[Start of section]
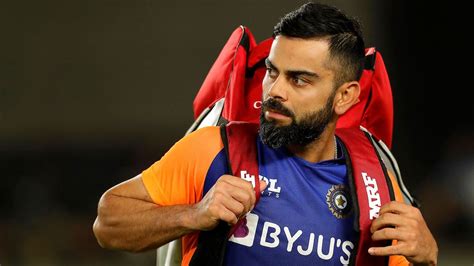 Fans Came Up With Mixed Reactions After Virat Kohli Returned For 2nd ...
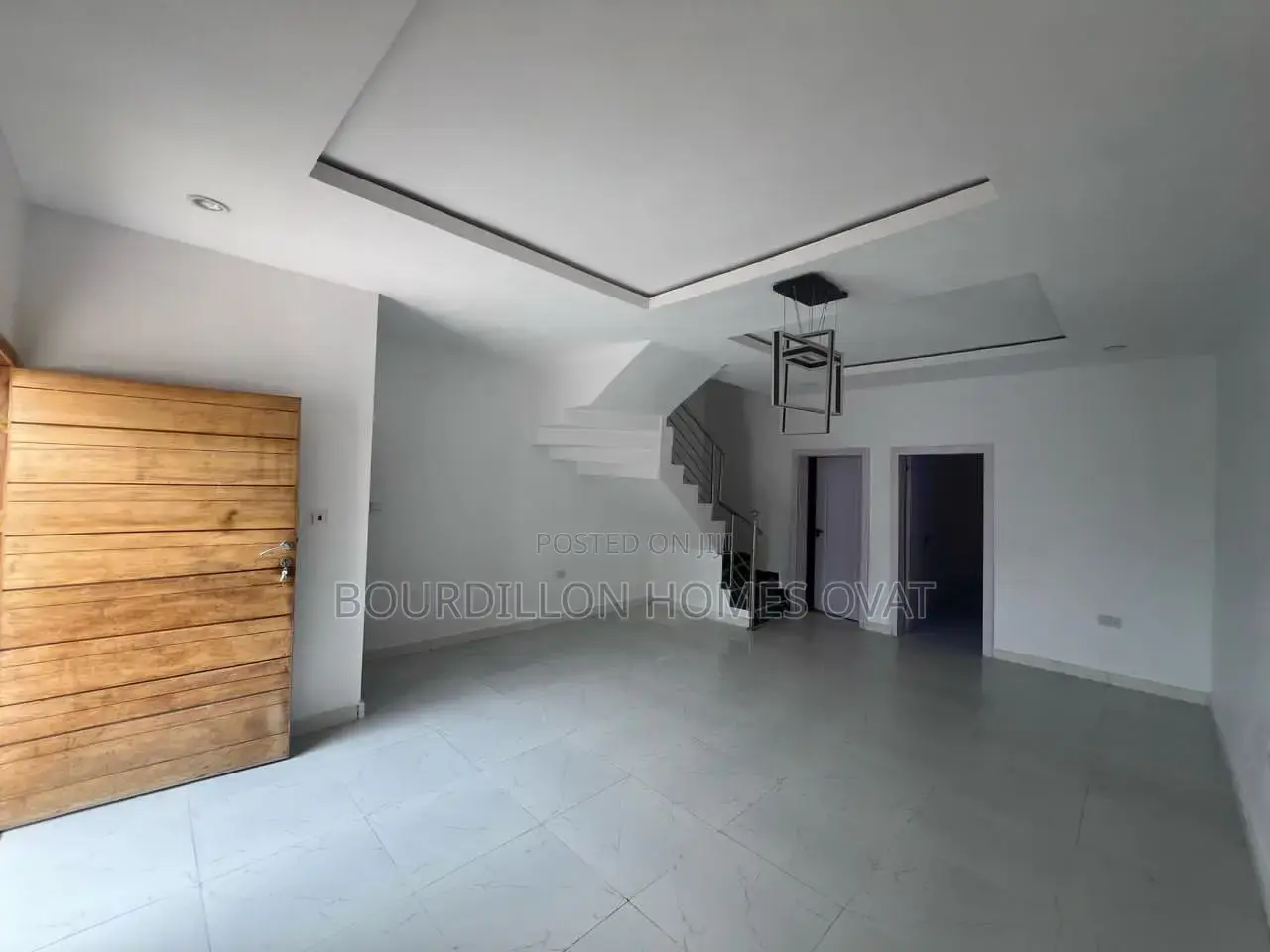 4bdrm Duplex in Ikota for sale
[End of section]
[Start of section]
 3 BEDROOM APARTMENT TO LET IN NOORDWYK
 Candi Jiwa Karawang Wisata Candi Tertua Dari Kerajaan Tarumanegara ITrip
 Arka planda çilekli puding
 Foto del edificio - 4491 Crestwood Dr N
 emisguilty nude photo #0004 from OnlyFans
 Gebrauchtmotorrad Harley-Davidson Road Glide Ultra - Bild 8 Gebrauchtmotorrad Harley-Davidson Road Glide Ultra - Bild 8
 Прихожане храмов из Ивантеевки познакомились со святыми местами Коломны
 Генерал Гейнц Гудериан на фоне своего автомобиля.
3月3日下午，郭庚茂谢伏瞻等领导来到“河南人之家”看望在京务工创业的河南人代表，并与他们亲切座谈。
[End of section]
__TO DO__: Reproduce the data above exactly, but only from the line containing "Fans Came Up" through the line containing "4bdrm Duplex in Ikota for sale"; skip the pictures.

__SOLUTION TO THIS PROBLEM__:
 Fans Came Up With Mixed Reactions After Virat Kohli Returned For 2nd ...
 4bdrm Duplex in Ikota for sale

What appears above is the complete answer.